Questions Worth Watching

Of course, several key questions still require ongoing observation:

Latency and Cost: Does multi-model orchestration introduce significant inference latency and cost increases? In actual deployment, each additional model call means additional network latency and computational overhead. If a user request requires task decomposition by the orchestration layer, serial or parallel calls to multiple specialized models, and final result integration, total latency could be far higher than direct inference from a single model. For applications requiring real-time responses (such as conversation, code completion), this could be a critical bottleneck
Third-Party Verification: Can official benchmark data be reproduced in independent evaluations? The AI field has seen multiple instances of "excellent benchmark scores but mediocre real-world performance," and rigorous evaluation by independent third parties will be key to verifying Fugu Ultra's true capabilities
Real-World Application Performance: There is often a gap between benchmark scores and user experience in real scenarios.

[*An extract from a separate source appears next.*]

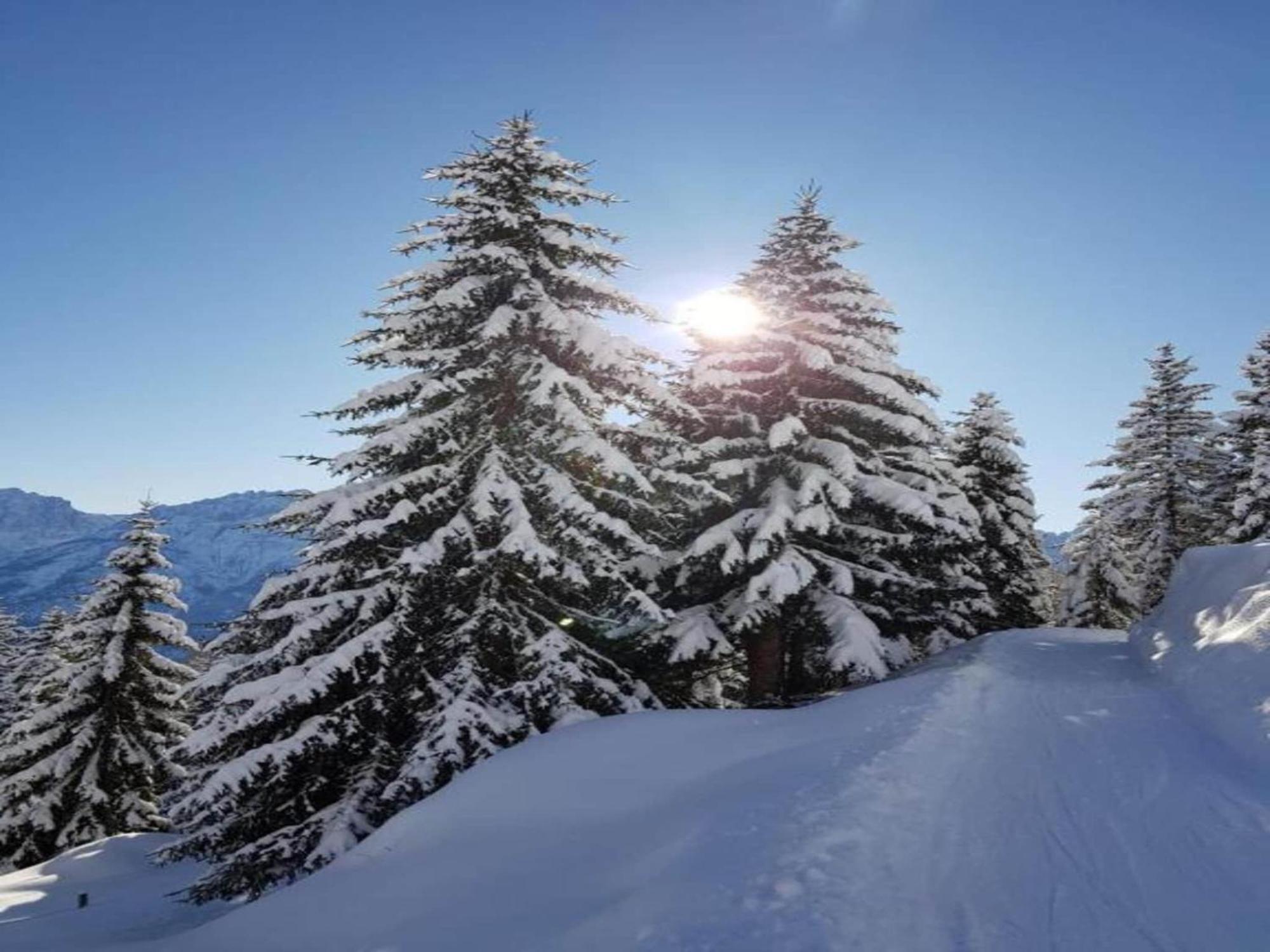 Apartment In W Ngle Tyrol With Walking Trails Near Reutte Exteriör bild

Benchmarks are typically structured problems with clear answers, while real user needs are often ambiguous, multi-turn, and require understanding context and intent
Orchestration System Robustness: How does the orchestration system gracefully degrade when an underlying specialized model produces errors or becomes unavailable? The failure modes of multi-model systems are more complex than single models, with errors potentially propagating and amplifying across models

As an AI company founded in Japan by former Google researchers, Sakana AI has consistently featured evolutionary computation and nature-inspired AI as its technical hallmark. The release of Fugu Ultra marks an important leap from research exploration to actual product delivery. Regardless of ultimate market feedback, its model orchestration approach deserves deep attention from the entire industry—it raises a fundamental question: on the road to artificial general intelligence, is "training a bigger model" the only answer?